In the weeks leading up to the expected bankruptcy of this century-old icon, majority sentiment in the U.S., and to a lesser extent here, has been hostile about rewarding a chronically incompetent enterprise with a taxpayer-funded bailout.
Yes. A humbled GM can change.
Post-bankruptcy, a leaner and much healthier GM will continue to put bread on the table for tens of thousands of employees, about 4,000 suppliers, and several thousand dealership employees that often are the business mainstay in small-town North America.
GM remains the U.S.'s biggest manufacturer, still a powerhouse of engineering and technological breakthroughs, most visibly with its all-electric Chevrolet Volt. GM is America's biggest purchaser of information technology.
Entire states in the industrial Midwest and Canadian cities such as Oshawa, Oakville, Windsor and St. Catharines rely on GM and its employees for an outsized portion of their property and income-tax revenue.
All of which is moot, if GM is ultimately destined, as many believe, for the scrapyard in the sky. Somehow, I don't think so.
GM will emerge from bankruptcy with only one-quarter or so of the debt it held earlier this year.
GM's hourly wage costs, after enormous concessions by the Canadian Auto Workers and the United Auto Workers, are now in line with wage rates at "transplants" – the U.S. and Canadian factories operated by foreign-based automakers. The UAW has given up its right to strike until 2015.
GM will have cut its fixed costs to levels enabling it to compete on price with foreign-based rivals.
CEO Fritz Henderson told reporters last week,"We will come out of this rid of some of the historic legacy costs that have been dragging us down for the last 20 years or so," Bob Lutz, GM vice-chairman, said in a Thursday speech. "We will come out of it with an all-new focus on product development."

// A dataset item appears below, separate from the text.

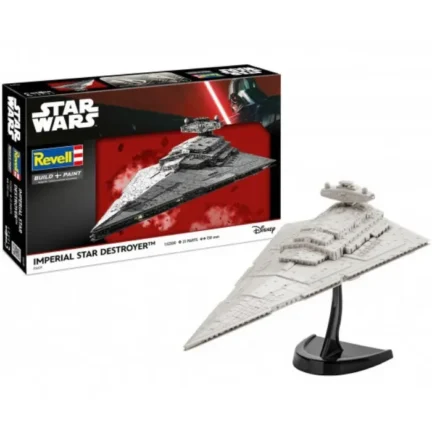 Star Wars Birodalmi csillagromboló 1:12300 (Revell)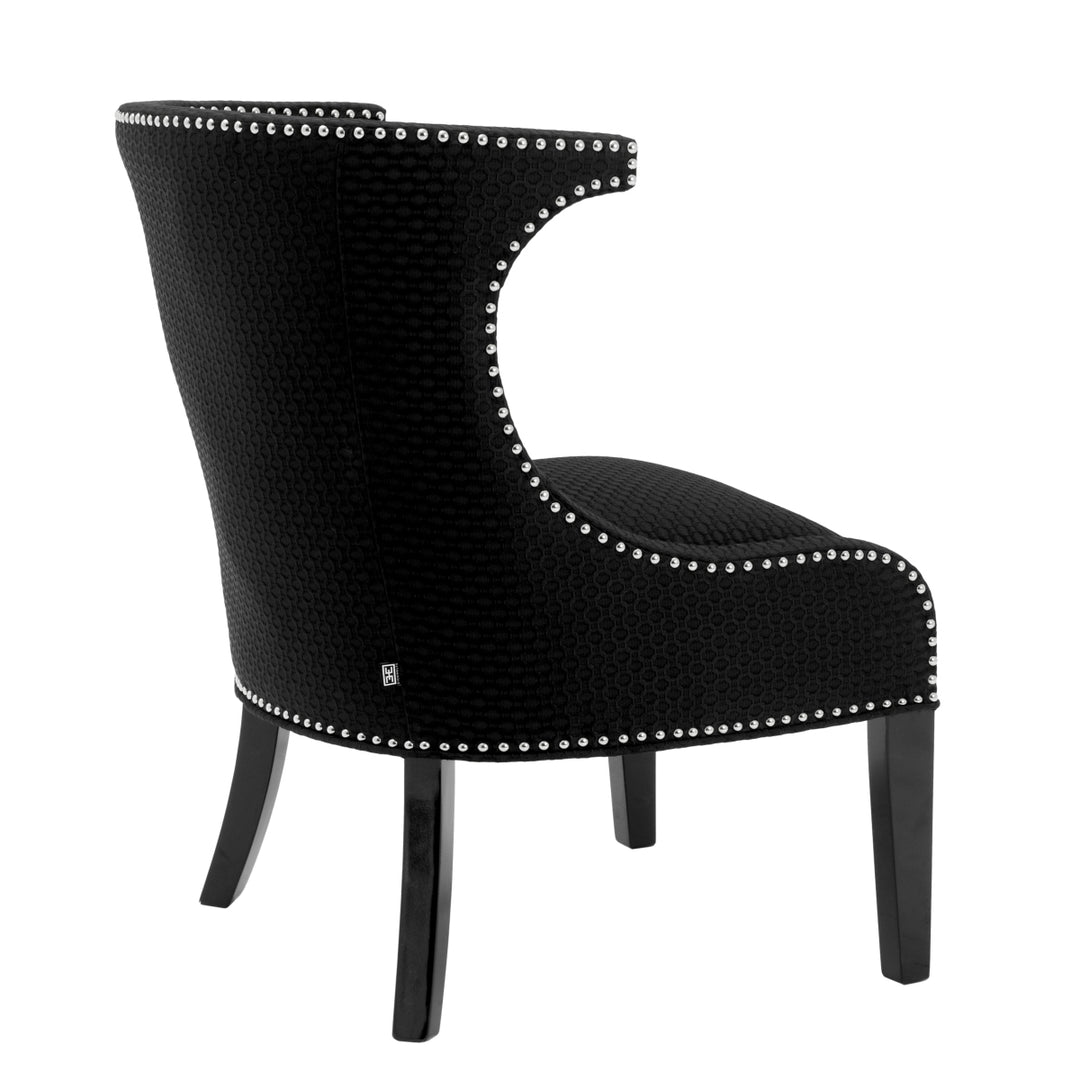 Elson Occasional Chair - Black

In an off-the-record briefing of reporters that same day, an Obama administration official said: "GM should be highly, highly profitable given the new cost structure that is being put in place, given the vast reduction of liability that has been achieved."
Fact: "Auto companies rarely die," CEO Henderson reminded reporters last week.
He's not whistling in the dark, having overseen in the past few weeks the drastic makeover of GM that critics have demanded for decades. And he's right – out of national pride, France, Germany, Japan, China, Russia and others routinely subsidize profit-challenged local automakers.
Focused on just four brands rather than eight, Buick and GMC will no longer be deprived of new-product development funds. For the first time, Buick will have close to a full line of models. And GM will have a $1.3-billion annual marketing budget for each of Chevrolet and Cadillac, double the current ad spend, and close to what Toyota commits to its namesake and Lexus brands.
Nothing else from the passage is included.